Rub the butter in with the flour, make a bay and add the sugar, pound the salt in a little milk and pour it in, break the eggs, and mix all together into a dough. Make six buns out of 1 lb. of dough, mould them round, wash the top with eggs, put some currants on the top, and dust with sugar. 

27. -- German Buns.

4 lbs. of flour, 2 ozs. of tartar, 1 oz. of carbonate of soda, 12 ozs. of butter, 1 1/2 lbs. of sugar, 4 eggs, 10 drops of essence of lemon, with milk.

Mix tartar and carbonate of soda with the flour, make a sprint or bay, put butter and sugar in bay, cream; add eggs, then milk, make all into a dough, and size them off on buttered tins one inch apart. Wash over with egg, and put a little sugar on top, and bake in a moderate oven. 

28. -- Common German Buns (for wholesale purposes).

4 lbs. of flour, 2 ozs. of tartar, 1 oz. of carbonate of soda, lb. of lard, 1 1/2 lb. of moist sugar, a little turmeric and churned milk; then proceed as for best German buns. Bake in a sharp oven. 

29. -- London Buns.

Take 1 pint of milk warmed in a basin, add 2 ozs. of yeast, 8 ozs. of moist sugar, and make a dough with sufficient flour.

When the sponge is ready add 12 ozs. of butter, a pinch of salt, and have ready 4 ozs. of chopped peel.
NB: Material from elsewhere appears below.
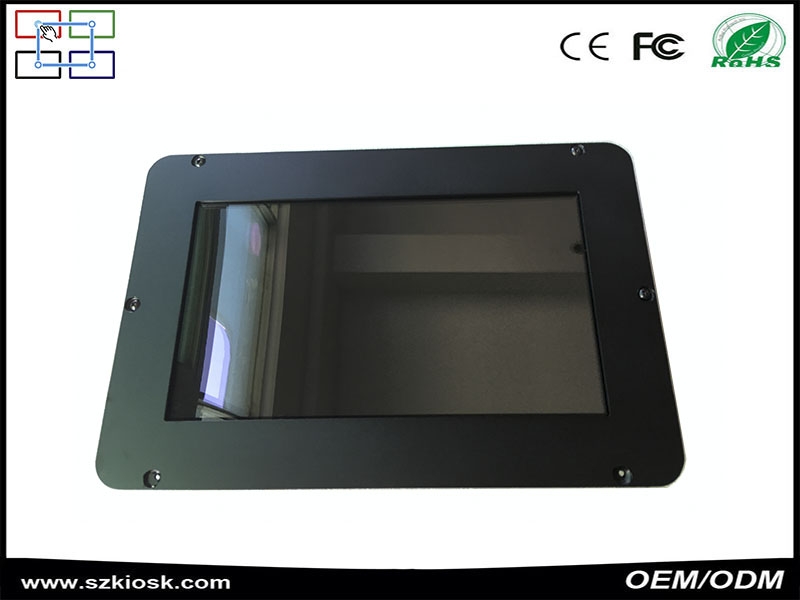 china wholesale 10 inch touch screen monitor 2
Mix all in the dough with 2 eggs and lemon, and prove. When about half proved wash over with yolk of egg. Put sugar on top when full proved. 

30. -- Penny Queen Cakes.

1 1/2 lb. of butter, 2 lbs. of sugar, 15 eggs, 2 lbs. of flour, 1 lb. of patent flour. Cream butter and sugar in a basin, add eggs, then flour, and as much milk as will make a nice batter. Bake in fluted pans. 

31. -- Patent Flour.

Take 4 ozs. of tartar, and 2 ozs. of carbonate of soda, and 8 lbs. of flour, and sift through a sieve three times. 

32. -- Penny Rice Cakes.

4 lbs. of flour, 2 1/2 lbs. of castor sugar, 1 1/4 lb. of butter, 10 eggs, 1 oz. of tartar, 3/4 oz. of carbonate of soda, 1/2 lb. of ground rice, milk to dough. Cream butter and sugar together, add eggs; when well creamed, add flour, rice, and milk. Bake in small round hoops papered round the side. 

33 -- Coconut Cakes.

These are made in the same way, with the same mixture, but leaving out the rice and adding the same quantity of Coconut Dust Coconut on the top of each. 

34. -- Albert Cakes.

Cream 12 oz. of butter with 1 lb. of sugar, add 13 eggs; mix 1/2 oz. of carbonate of soda and 1/4 oz. of acid with 2 lbs. of flour; weigh 8 ozs. of currants. Mix all together with milk, and bake in a small edged pan. Cut into squares when cold.